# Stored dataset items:
*** Begin section ***

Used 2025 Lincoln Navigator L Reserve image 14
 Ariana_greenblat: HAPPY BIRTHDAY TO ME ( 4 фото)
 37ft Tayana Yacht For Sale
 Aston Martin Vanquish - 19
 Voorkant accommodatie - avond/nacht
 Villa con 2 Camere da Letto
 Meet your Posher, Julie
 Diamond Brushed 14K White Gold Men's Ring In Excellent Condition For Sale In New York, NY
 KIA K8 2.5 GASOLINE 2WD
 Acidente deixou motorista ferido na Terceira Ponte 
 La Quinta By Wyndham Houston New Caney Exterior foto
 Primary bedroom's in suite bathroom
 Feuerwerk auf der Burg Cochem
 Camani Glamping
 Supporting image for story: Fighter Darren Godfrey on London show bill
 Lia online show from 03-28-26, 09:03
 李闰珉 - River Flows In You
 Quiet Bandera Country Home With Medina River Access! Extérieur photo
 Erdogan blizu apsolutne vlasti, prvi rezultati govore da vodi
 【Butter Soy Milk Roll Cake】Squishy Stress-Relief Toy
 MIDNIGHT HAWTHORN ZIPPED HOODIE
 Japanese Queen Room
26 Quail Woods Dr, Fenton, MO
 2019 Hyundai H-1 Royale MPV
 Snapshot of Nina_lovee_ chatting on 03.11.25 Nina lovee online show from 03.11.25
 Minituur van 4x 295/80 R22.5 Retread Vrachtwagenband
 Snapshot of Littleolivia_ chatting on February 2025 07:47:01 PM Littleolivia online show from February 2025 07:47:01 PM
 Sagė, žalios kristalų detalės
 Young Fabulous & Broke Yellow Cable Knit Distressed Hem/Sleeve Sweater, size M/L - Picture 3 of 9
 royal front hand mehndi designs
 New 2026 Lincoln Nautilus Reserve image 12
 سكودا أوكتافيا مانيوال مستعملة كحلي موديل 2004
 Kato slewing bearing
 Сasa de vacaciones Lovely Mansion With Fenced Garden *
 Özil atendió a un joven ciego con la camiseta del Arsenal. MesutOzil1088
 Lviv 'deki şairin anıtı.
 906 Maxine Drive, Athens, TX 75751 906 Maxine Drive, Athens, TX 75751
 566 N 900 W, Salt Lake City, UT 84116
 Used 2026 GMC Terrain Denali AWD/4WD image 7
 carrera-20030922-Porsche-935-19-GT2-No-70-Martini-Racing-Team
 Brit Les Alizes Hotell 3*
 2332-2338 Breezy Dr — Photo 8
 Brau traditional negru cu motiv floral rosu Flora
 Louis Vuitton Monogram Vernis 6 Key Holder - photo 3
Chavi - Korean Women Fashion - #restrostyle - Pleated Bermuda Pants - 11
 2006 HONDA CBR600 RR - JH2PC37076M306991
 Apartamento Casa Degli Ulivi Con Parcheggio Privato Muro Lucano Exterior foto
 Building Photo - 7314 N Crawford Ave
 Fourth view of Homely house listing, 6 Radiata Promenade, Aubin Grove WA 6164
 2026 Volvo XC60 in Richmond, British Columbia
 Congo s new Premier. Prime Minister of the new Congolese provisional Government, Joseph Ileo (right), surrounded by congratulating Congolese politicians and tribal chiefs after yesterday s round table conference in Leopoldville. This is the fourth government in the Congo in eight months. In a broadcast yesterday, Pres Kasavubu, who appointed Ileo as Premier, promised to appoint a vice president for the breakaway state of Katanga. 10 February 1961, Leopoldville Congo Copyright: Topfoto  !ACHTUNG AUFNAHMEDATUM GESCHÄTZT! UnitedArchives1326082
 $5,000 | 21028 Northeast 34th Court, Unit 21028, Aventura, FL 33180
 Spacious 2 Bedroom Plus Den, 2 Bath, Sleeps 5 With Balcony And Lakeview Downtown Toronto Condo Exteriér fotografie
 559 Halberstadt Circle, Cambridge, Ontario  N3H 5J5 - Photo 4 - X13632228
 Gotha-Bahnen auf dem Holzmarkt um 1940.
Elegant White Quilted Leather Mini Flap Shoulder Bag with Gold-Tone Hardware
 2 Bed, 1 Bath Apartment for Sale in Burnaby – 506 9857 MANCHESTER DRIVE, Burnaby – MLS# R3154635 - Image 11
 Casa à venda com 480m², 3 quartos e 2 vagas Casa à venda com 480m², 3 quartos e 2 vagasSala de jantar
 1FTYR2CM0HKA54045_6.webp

*** End section ***

# WORK ORDER:
Show all of the lines above in which "chatting" is present.

# TASK OUTPUT:
 Snapshot of Nina_lovee_ chatting on 03.11.25 Nina lovee online show from 03.11.25
 Snapshot of Littleolivia_ chatting on February 2025 07:47:01 PM Littleolivia online show from February 2025 07:47:01 PM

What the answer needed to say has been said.